WHAT YOU HAVE TO DO
Exactly as written, write out the lines below from the first to the one containing "A serene blue", inclusive. Pictures do not belong in the copy.

------ DATASET EXCERPT ------

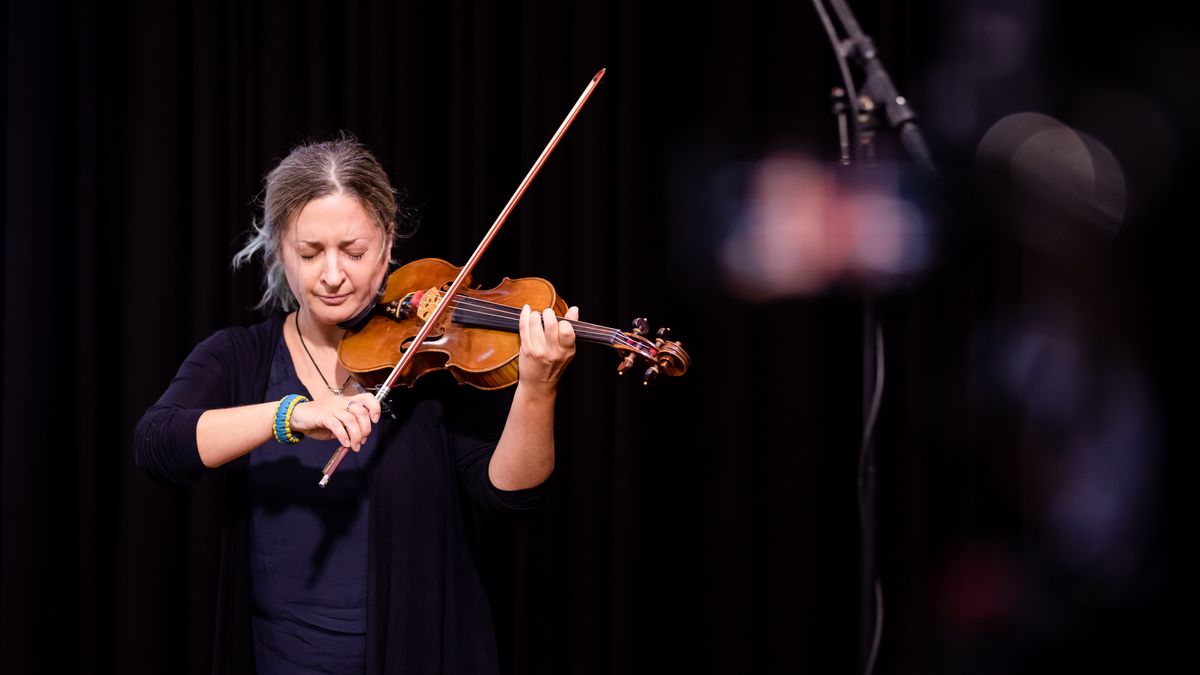 Marina Bondas spielt auf ihrer Geige. Als Armband die Farben der Ukraine, ihre Augen sind geschlossen. 
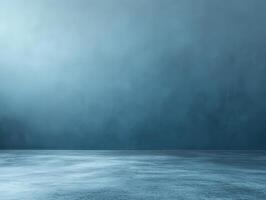 A serene blue gradient background with a smooth, reflective surface. photo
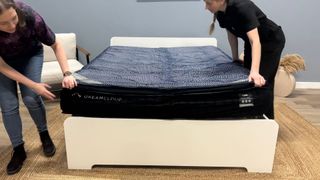 Two mattress testes unbox the DreamCloud Luxe Memory Foam mattress, taking it out of its box, cutting it out of its plastic wrapping and placing it on a white bed frame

------

EXERCISE RESPONSE
 Marina Bondas spielt auf ihrer Geige. Als Armband die Farben der Ukraine, ihre Augen sind geschlossen. 
 A serene blue gradient background with a smooth, reflective surface. photo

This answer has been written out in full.